[The records Boundary: Start]
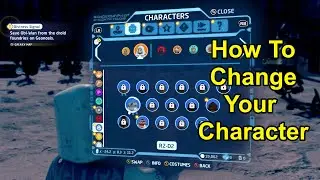 How to Change Characters in Lego Star Wars The Skywalker Saga
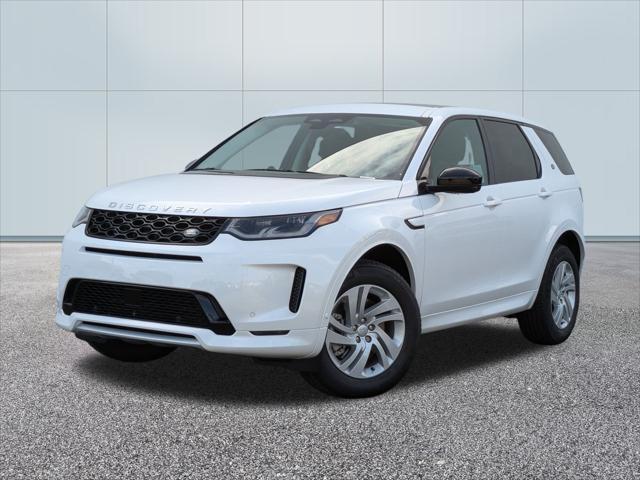 new 2024 Land Rover Discovery Sport car, priced at $53,038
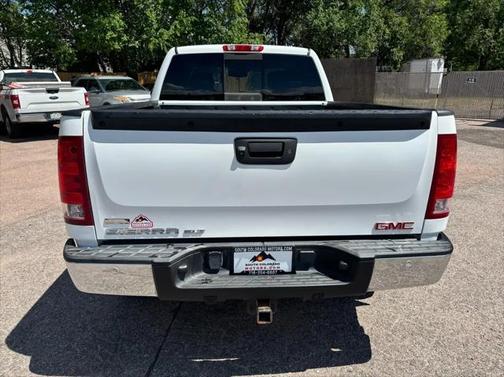 2010 GMC Sierra 1500 SLT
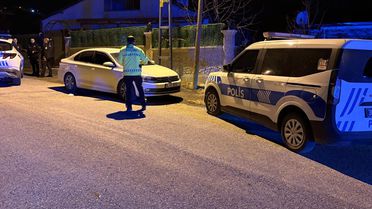 'Dur' ihtarına uymayıp, alkol testini reddeden sürücüye 354 bin TL ceza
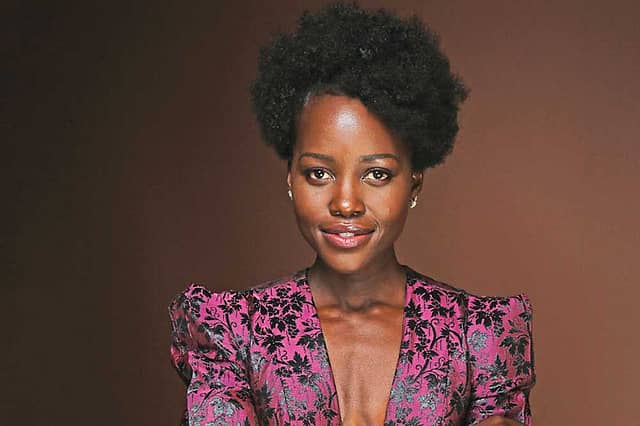 Lupita Nyong’o: ‘Change is not an event, it’s a process’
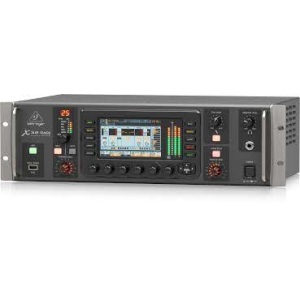 Set Behringer X32 Rack digitale mixer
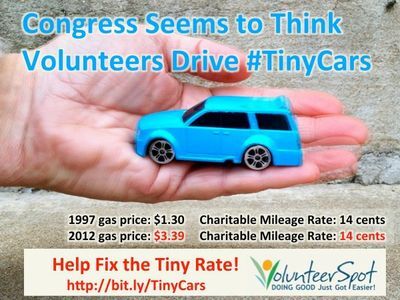 VolunteerSpot - TinyCars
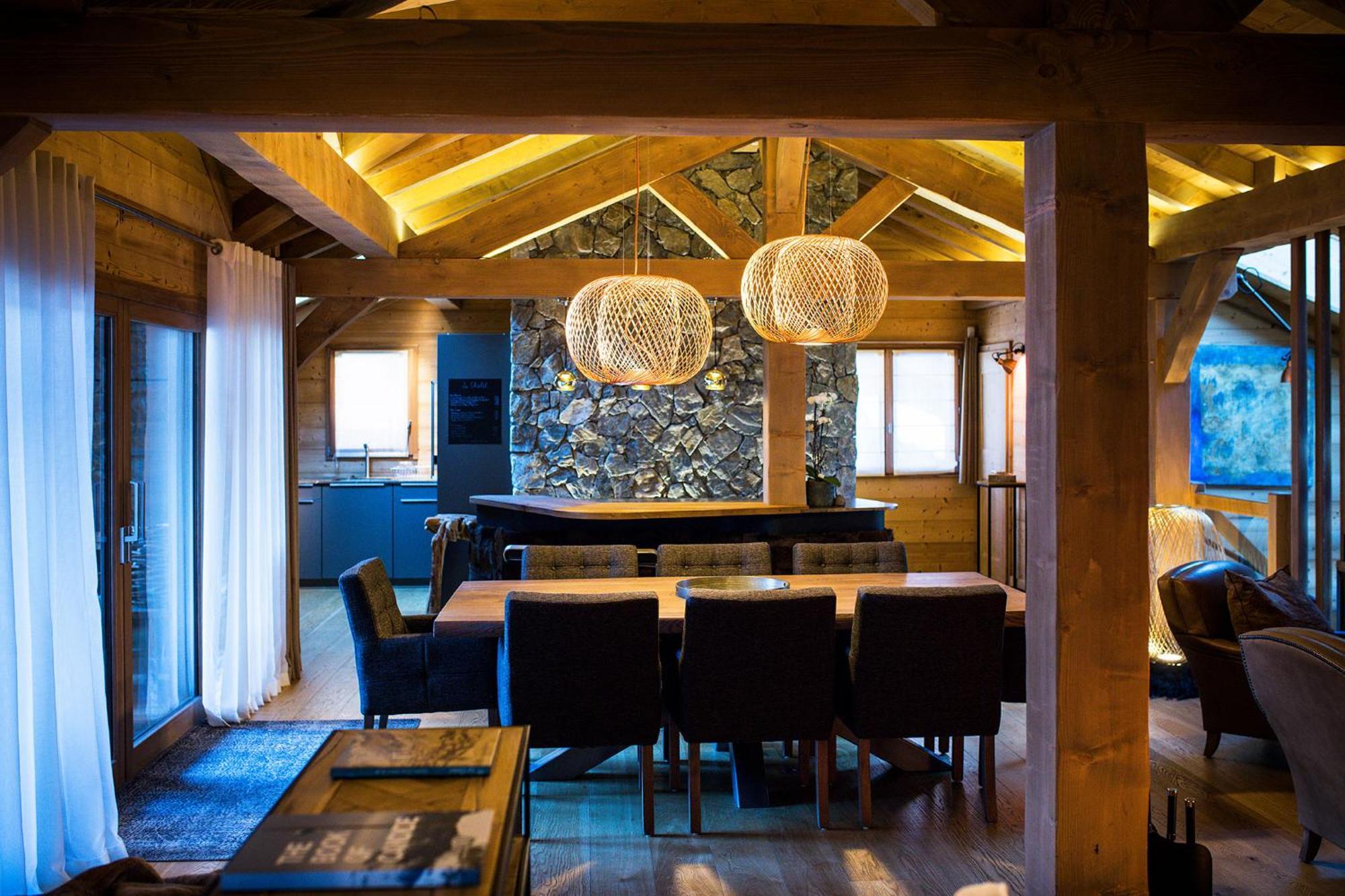 Au Coeur Du Village La Clusaz Esterno foto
[The records Boundary: End]
> What you need to do
Having located the line with "new 2024 Land", transcribe exactly and only the lines from it to the final line of the material, skipping the pictures.

> Task answer
 new 2024 Land Rover Discovery Sport car, priced at $53,038
 2010 GMC Sierra 1500 SLT
 'Dur' ihtarına uymayıp, alkol testini reddeden sürücüye 354 bin TL ceza
 Lupita Nyong’o: ‘Change is not an event, it’s a process’
 Set Behringer X32 Rack digitale mixer
 VolunteerSpot - TinyCars
 Au Coeur Du Village La Clusaz Esterno foto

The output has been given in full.